My father nodded and raised his free hand.
We both raised our rifles in response to the two pointed at us from either side of the path. One from behind a tree, the other, a boulder.
“Sure shot now are you?” My father cackled.
“Lower your weapons!” Thieren ordered.
I tried to unfreeze my vocal chords, to remind him we came to talk, to plead my case, to stop it going wrong.
My father shook his head. “Shoulda stayed home, Girl.” He addressed Thieren only, refusing to look at me. “Kill ‘em both.”
My hackles raised, the fine hairs on my body stiffening in a shivery path. My father bent forward and I heard a gunshot. I pulled the trigger and heard an echo of three more. My bullet ricocheted off the boulder and I heard a thud that shoved my shoulder back.
The scene slowed to agonizing time. I saw Thieren roll away and drop the first sniper. I heard a heavy chain slip to the ground. Saw the other sniper fall to his knees. I felt both ripping pain and adrenaline race, the heady power I tried so hard to keep back for months.
Thieren shouted something and stuffed the barrel of her gun sideways into Drygen’s mouth. No! I coiled and slammed into him with all my weight. We tangled and I snapped long teeth. Drygen’s missed and tore by turns. I heard two more gunshots and shouting. Drygen kept me busy deflecting teeth and claws aimed for vital areas. He aimed to kill. I steeled myself and bit down hard on his wound. The metallic tang of blood mixed with the oozing scent of infection filled my senses. Nausea threatened.
Drygen yelped, dragging it into a whine. I ripped at the wound and flung away the filth. Then I pulled in my legs and kicked hard at him.
I forced myself up and stalked over growling. Drygen struggled to his belly and crouched low, teeth bared. I forced myself to stare him down. I did this. I snarled and nipped at Drygen’s shoulder. My fault. He shied away and crouched lower. I nipped again, snarling, glaring. Don’t look away.
Finally, he looked away. I reigned in my desire to comfort him. Submissive, he looked the very part of a puppy with serious wounds. I knew better and snapped the air at his shoulder for good measure. I continued pinning him with a warning stare and forced a growl I no longer felt.
My right ear swiveled back. Thieren. I growled low and the footsteps stopped.
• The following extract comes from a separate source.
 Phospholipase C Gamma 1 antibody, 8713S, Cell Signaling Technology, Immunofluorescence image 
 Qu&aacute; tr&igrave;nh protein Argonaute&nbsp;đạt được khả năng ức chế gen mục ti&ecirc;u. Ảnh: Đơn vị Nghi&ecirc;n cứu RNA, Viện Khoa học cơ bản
The rain pounded on and I sneezed dismissively at Drygen.
I surveyed the scene, careful to keep Drygen in my peripheral vision. My father’s unmoving corpse lay with the others, his mouth gaped open, collecting rain water. I noted the rifle in his hands, the unbleeding gunshot wounds.
It’s over. My vision blurred and sharpened by turns and my arm hurt. “Give me the ropes.” If not for the rumbling in my throat, I might’ve thought someone else said it. The voice was deep, hardly female. Drygen needed tying up before I passed out.